Further more, the United Nations publication Agriculture at a Crossroads has recommended returning to and promoting traditional agroforestry agroecological methods like the Hawaiian ahupua‘a system.
Agroecological farming has a proven track record of meeting farming challenges in a cost-effective manner. Research has found that applying agroecological methods, like those detailed above, can result in high yields for each crop in a rotation sequence. In addition, long-term studies have found that organic practices—a specific set of agroecological practices that eschew the use of all synthetic chemical inputs—typically improve soil health compared to plots where conventional practices are applied, and may produce comparable yields. This research also demonstrated that economic returns for organic crops can be greater than for conventional crops, despite higher labor costs.
These findings indicate that additional research has the potential to increase our understanding of agroecological methods and increase their adoption. Farmers could benefit from this added knowledge to produce a wide range of crops in many different regions, with greater resilience to variation in pests, weather conditions, markets, and other factors.
While other approaches may also yield promising solutions, they are more likely to already benefit from private sector support. Agroecology is less likely to be supported by the private sector since these farming methods often reduce requirements for purchased inputs. This leaves to the public sector the responsibility to fund agroecological research that serves the interests of farmers and society.
At present, however, public research into agroecology is drastically inadequate. Land-grant universities were once guided by their original missions to enhance understanding of agriculture that served the public interest. But these institutions have fallen victim to budget cuts that have driven them to rely upon private dollars to fund research, leveraging public investment largely for the benefit of the private sector. And past analyses have found that funding for agroecology is a very small part of the federal research budget.

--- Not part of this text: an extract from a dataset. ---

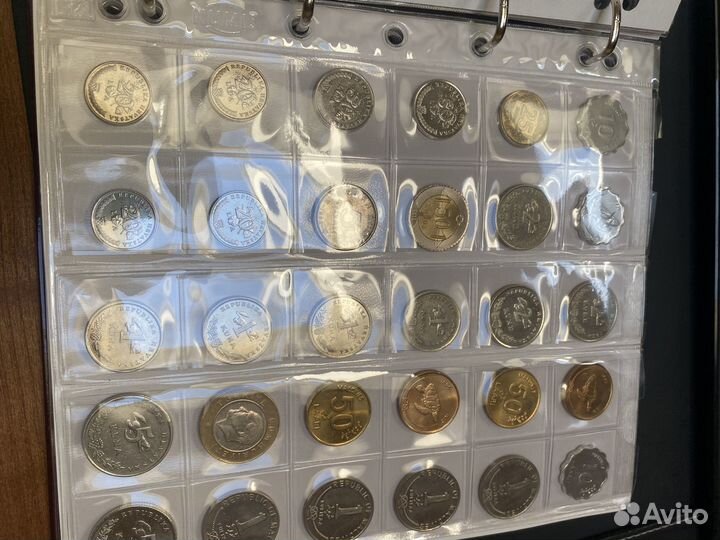 Коллекция монет мира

Agroecological research can further our understanding of productive and profitable farming methods that will minimize harmful impacts on human health, the environment, and rural communities. These methods will provide resilience to both anticipated events such as climate change as well as unforeseen developments. Modest public investment can yield enormous returns for farmers and society well into the future.
Link to relevant research on facebook page, Sustainable Agriculture Committee.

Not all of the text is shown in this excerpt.